Oculomotor nerve palsy

Oculomotor nerve palsy
Classification and external resources

Eye nerves diagram
ICD-10 H49.0
ICD-9 378.52
DiseasesDB 2861
eMedicine oph/183
MeSH D015840

Oculomotor nerve palsy is an eye condition resulting from damage to the third cranial nerve or a branch thereof. As the name suggests, the oculomotor nerve supplies the majority of the muscles controlling eye movements. Thus, damage to this nerve will result in the affected individual being unable to move their eye normally. In addition, the nerve also supplies the upper eyelid muscle (Levator palpebrae superioris) and the muscles responsible for pupil constriction (sphincter pupillae) . The limitations of eye movements resulting from the condition are generally so severe that the affected individual is unable to maintain normal alignment of their eyes when looking straight ahead, leading to strabismus and, as a consequence, double vision (diplopia).

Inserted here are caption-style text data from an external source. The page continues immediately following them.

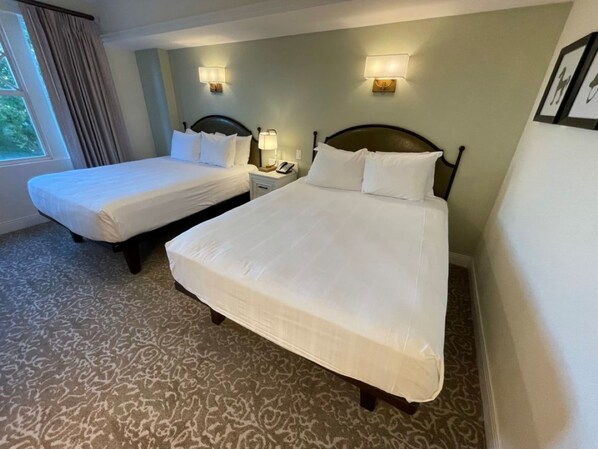 Een hotelkamer met twee eenpersoonsbedden, een nachtkastje met een lamp en een raam met gordijnen.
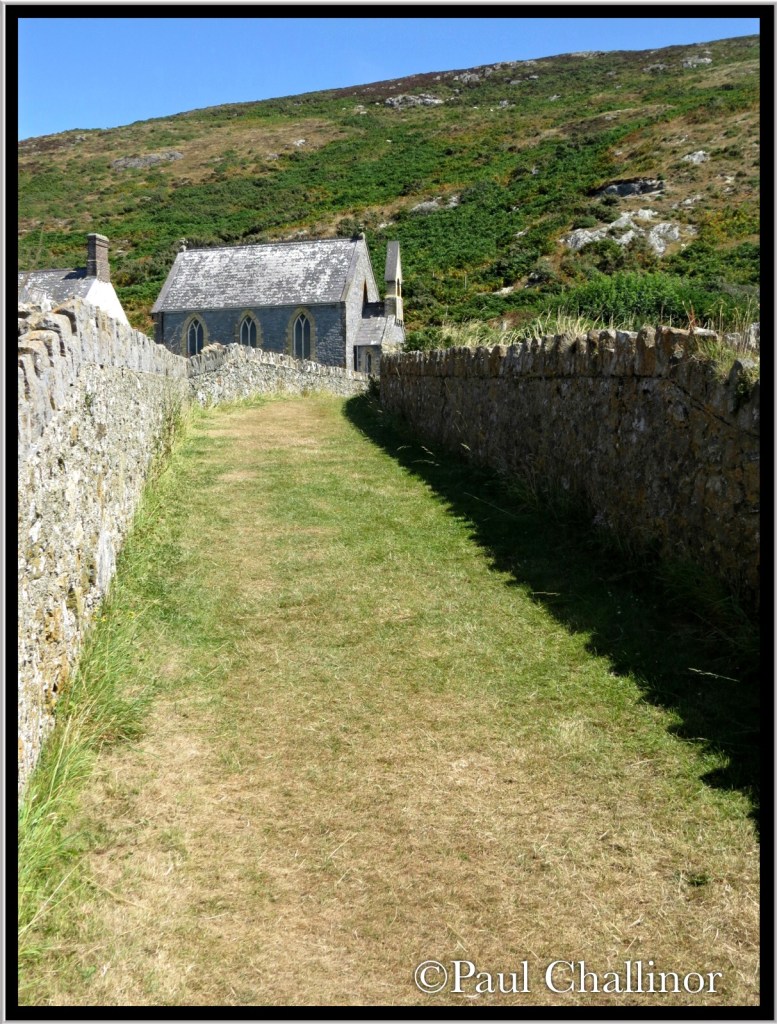 The path to the chapel. There is no resident preacher any more, but the sign outside the gate suggests that preacher visit for a week or more to provide services to those who travel to the island.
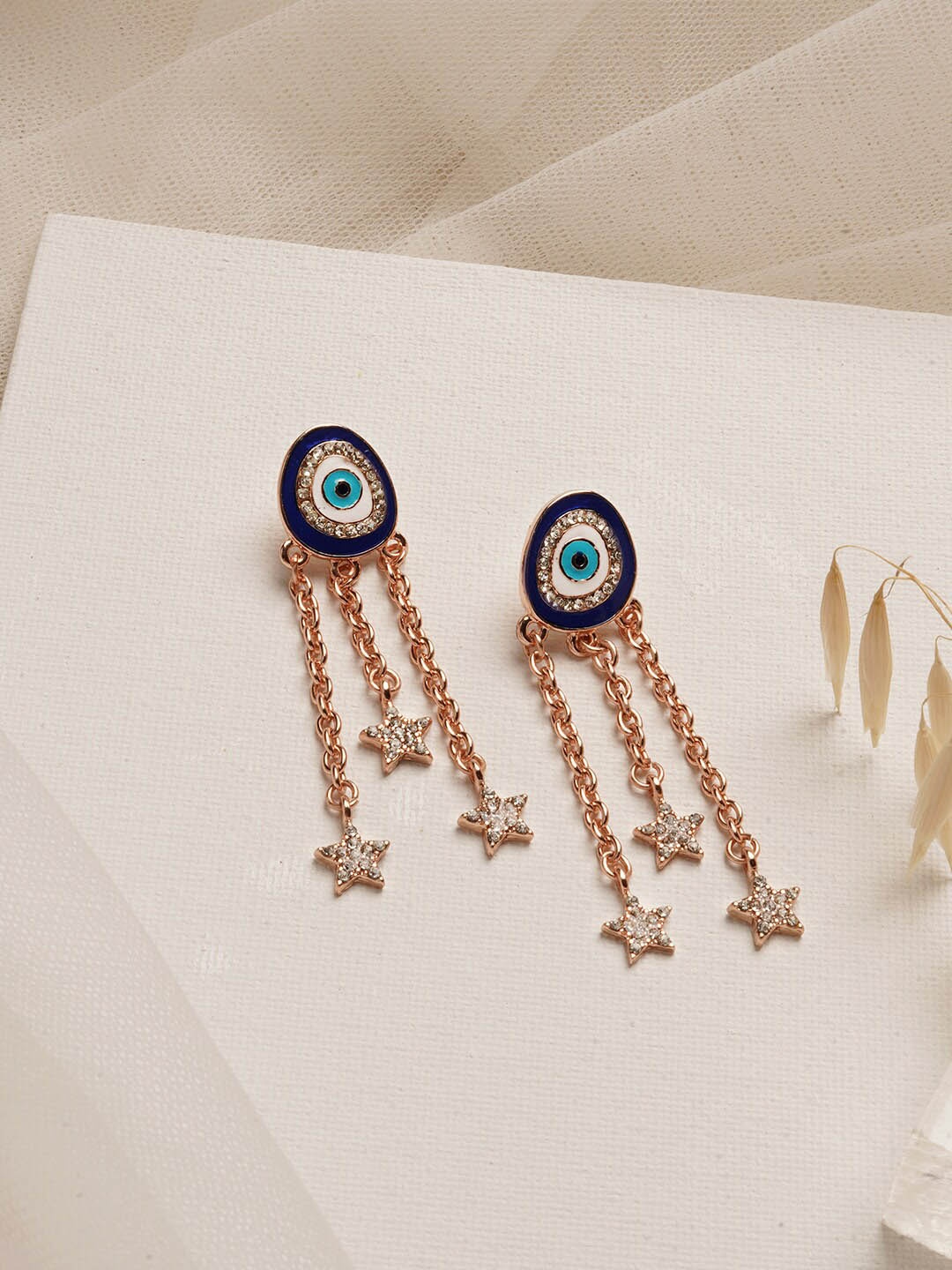 

JOKER & WITCH Rose Gold & Blue Rhinestone Studded Evil Eye Contemporary Drop Earrings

It is also known as "Oculomotor neuropathy".[1]

Contents

Eye Position

A complete Oculomotor nerve palsy will result in a characteristic down and out position in the affected eye. The eye will be displaced downward, because the superior oblique (innervated by the fourth cranial or trochlear nerve), is unantagonized by the paralyzed superior rectus and inferior oblique and displaced outward, because the lateral rectus (innervated by the sixth or abducens cranial nerve) is unantagonized by the paralyzed medial rectus. The affected individual will also have a ptosis, or drooping of the eyelid, and pupil dilation.

It should be borne in mind, however, that the branched structure of the oculomotor nerve means that damage sustained at different points along its pathway, or damage caused in different ways (compression versus loss of blood supply, for example), will result in different muscle groups or, indeed, different individual muscles being affected, thus producing different presentation patterns.

Cause

Oculomotor palsy can arise as a result of a number of different conditions.

Congenital Oculomotor Palsy

The origins of the vast majority of congenital oculomotor palsies are unknown, or idiopathic to use the medical term. There is some evidence of a familial tendency to the condition, particularly to a partial palsy involving the superior division of the nerve with an autosomal recessive inheritance. The condition can also result from aplasia or hypoplasia of one or more of the muscles supplied by the oculomotor nerve. It can also occur as a consequence of severe birth trauma.

Acquired oculomotor palsy

Ischemic insult selectively affects somatic fibers over parasympathetic fibers, while traumatic insult affects both types more equally. Therefore, while almost all forms cause ptosis and impaired movement of the eye, pupillary abnormalities are more commonly associated with trauma than with ischemia.